Production of submarine hunter/killer adds assembly line in Renton

JOHN GILLIE; john.gillie@thenewstribune.com
Last updated: May 21st, 2008 07:14 AM (PDT)

The first of what could eventually be nearly 200 naval patrol craft is moving down a new assembly line at The Boeing Co.’s Renton plant this week, destined for delivery to the U.S. Navy for testing next year.

The submarine hunter/killer, a modified version of Boeing’s workhorse 737 airliner, could prove to be one of the company’s biggest military programs ever.

The program to design and build the first five test versions of the aircraft, called the P-8A Poseidon, will cost the Navy some $5 billion. The follow-on program to build 108 production versions of the aircraft could cost up to $40 billion, said Bob Feldman, the Boeing vice president in charge of the military side of the Poseidon program.

Around the world, a dozen or more nations are potential customers for the P-8A. India and Australia are near a decision on orders. If they all replace their current naval patrol aircraft with the Poseidon, production could top 200 and revenue to Boeing including support activity for the aircraft could approach $100 billion, Feldman said.

Already, more than 1,800 workers, many of them engineers, are working on the patrol plane program in the Puget Sound area. Hundreds more work at other Boeing locations.

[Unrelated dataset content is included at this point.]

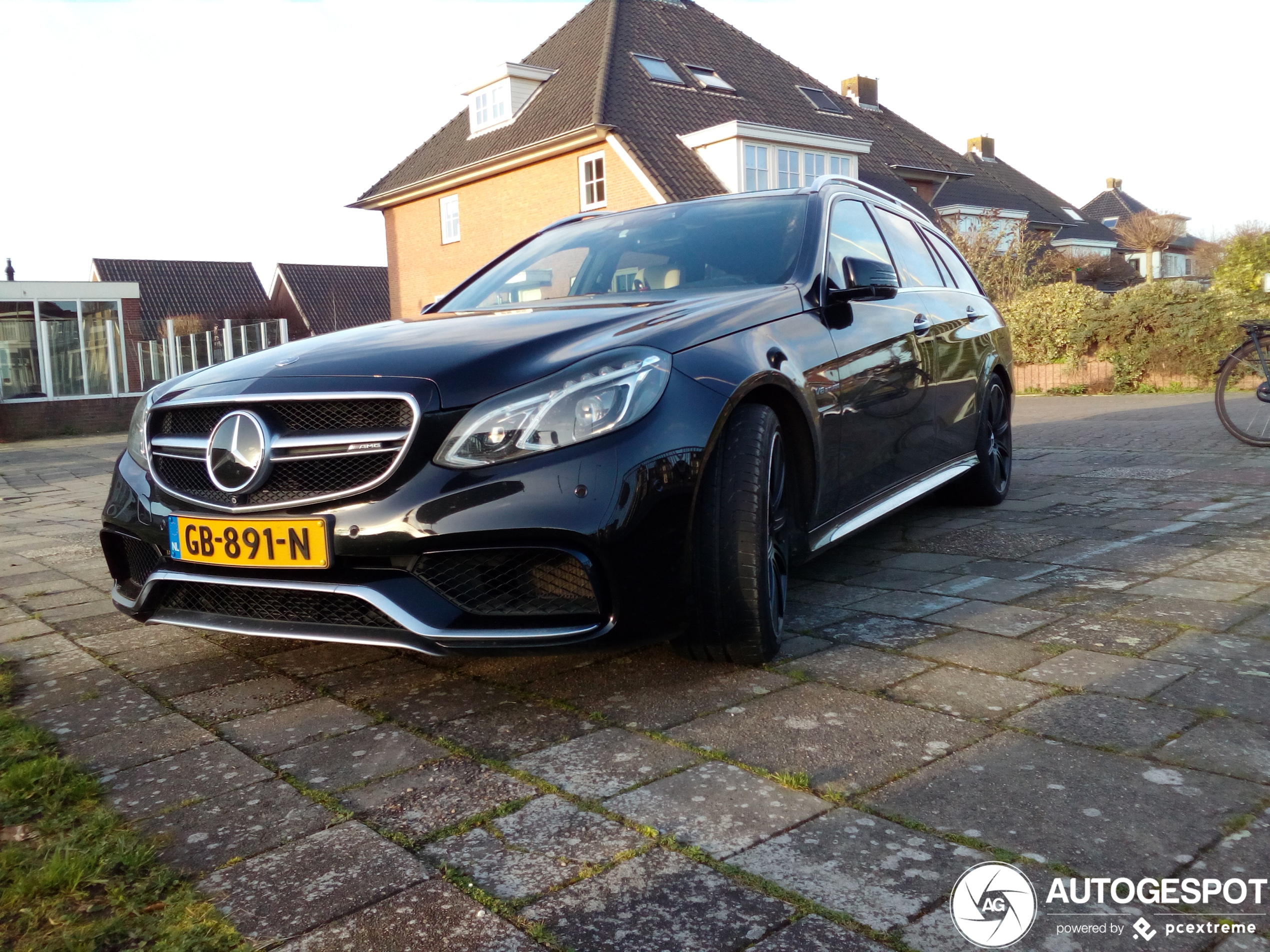 Mercedes-Benz E 63 AMG S Estate S212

Externally, the plane looks much like a vanilla version of the 737 minus its passenger windows. But inside, the P-8A is equipped for a significantly different mission.

The plane’s job is to seek out submarines – and destroy them if necessary – hundreds of miles from land. The plane will replace the turboprop P-3 Orion in the Navy’s inventory.

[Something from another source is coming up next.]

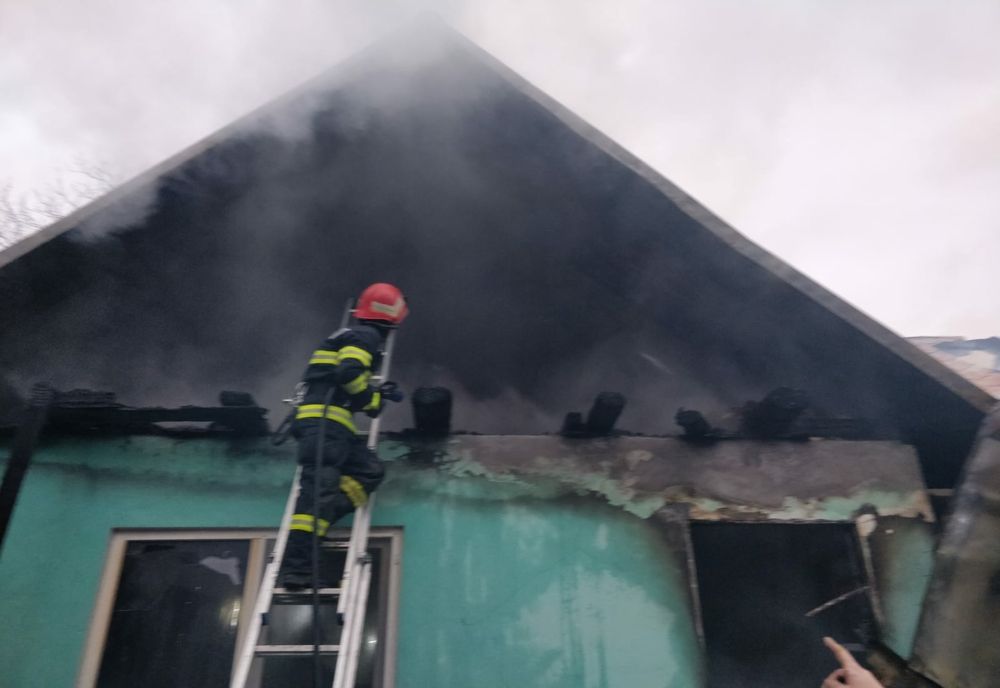 Casă din Sângeorz Băi, afectată de incendiu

The aircraft is equipped with several unairlinerlike features: a bomb bay capable of unleashing five torpedoes on unsuspecting undersea craft; an array of sensors to detect submarines and surface ships; and a powerful communications suite to link the aircraft with the military’s global communications network.

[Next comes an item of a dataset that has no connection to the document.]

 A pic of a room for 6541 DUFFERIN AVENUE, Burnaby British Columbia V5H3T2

The plane’s wings are equipped with pylons to carry air-to-surface SLAM-ER missiles. Above the cockpit the aircraft has a receptacle to receive an in-air refueling boom.

For all of its military hardware, the most unusual aspect of the P-8A might be the way it’s being manufactured. In the past when civilian aircraft were converted to military uses, the completed civilian aircraft was flown to a modification facility, where it was literally taken apart and major parts of its structure replaced with military equipment.

For the P-8A, Boeing is building the plane from the ground up with many of the military features – the bomb bay and the wing weapons pylons, the refueling port and extra fuel tanks, for instance, – on a duplicate of its commercial aircraft assembly lines next door.

The initial production, handled by Boeing’s Commercial Airplanes Group, takes advantage of the lean production techniques and experience of the commercial airplane division while avoiding the expensive rework necessary in traditional commercial-to-military adaptations, said Mo Yahyavi, vice president of the P-8A program’s commercial side.

Once the plane is largely completed in Renton, it will be flown to Seattle’s Boeing Field, where Boeing’s defense division will install military weapons and sensor systems.

The commercial-military collaboration has thus far produced agreeable results. The program is on schedule and on budget, said Feldman. And the workmanship on even the first example of the plane is superior, said Yahyavi.

The Navy plans extensive tests on the planes, including fatigue and stress tests in Renton and elaborate functional tests at sites around the world.

For Boeing’s World War II-vintage plant, the Poseidon program provides yet another assurance of continued longevity. The new assembly line is in a rehabilitated building that once housed the Boeing 757 assembly program. Given likely orders from other governments, the program will continue at least through 2017, if not longer, at the Renton site, Feldman said.